How to use voice files instead pure TTS?

Vadim2S opened this issue 3 years ago · 4 comments

In papers you say about LJ speech dataset test (4.3 Content replacement). Can you provide code for loading voice files instead pure sample generation in tts.py?

Answer 1 · 2022-01-22T15:02:13.000Z

Hello @Vadim2S, thanks for opening this issue, and apologies for the belated reply. The modeling code is a direct adaptation of Grad-TTS, so you can refer to the upstream repository for detailed instructions on how to load data. Hope this helps!

Answer 2 · 2023-01-05T02:50:01.000Z

I have this question as well. Looking at the inference code, it is unclear how I could drop-in replace running Grad-TTS with my own source WAV file.
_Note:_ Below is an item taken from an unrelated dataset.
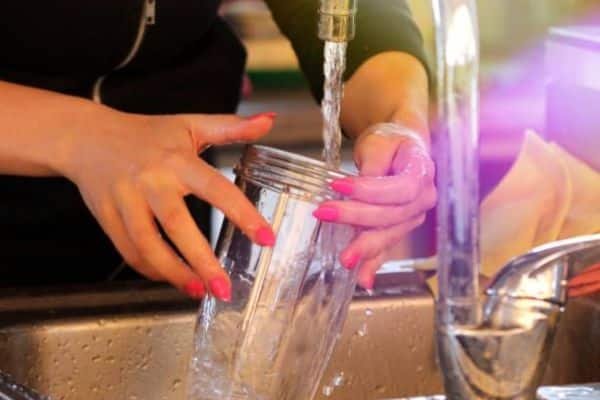 How Long Should a Blender Bottle Last?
Any tips would be appreciated :) Or if you have pointers to any other methods of doing something similar.

Answer 3 · 2023-01-05T07:12:42.000Z

Hey @mvoodarla, thanks for opening this issue.

how I could drop-in replace running Grad-TTS with my own source WAV file

Could you explain in more detail what you mean by this? I assume this is in the context of content replacement.

Answer 4 · 2023-01-05T16:11:15.000Z

Yes, I would like to have the ability to submit a source wav file with or without a text transcription of it, and be able to replace a word or a set of words that was said in that source wav file. Does that make sense?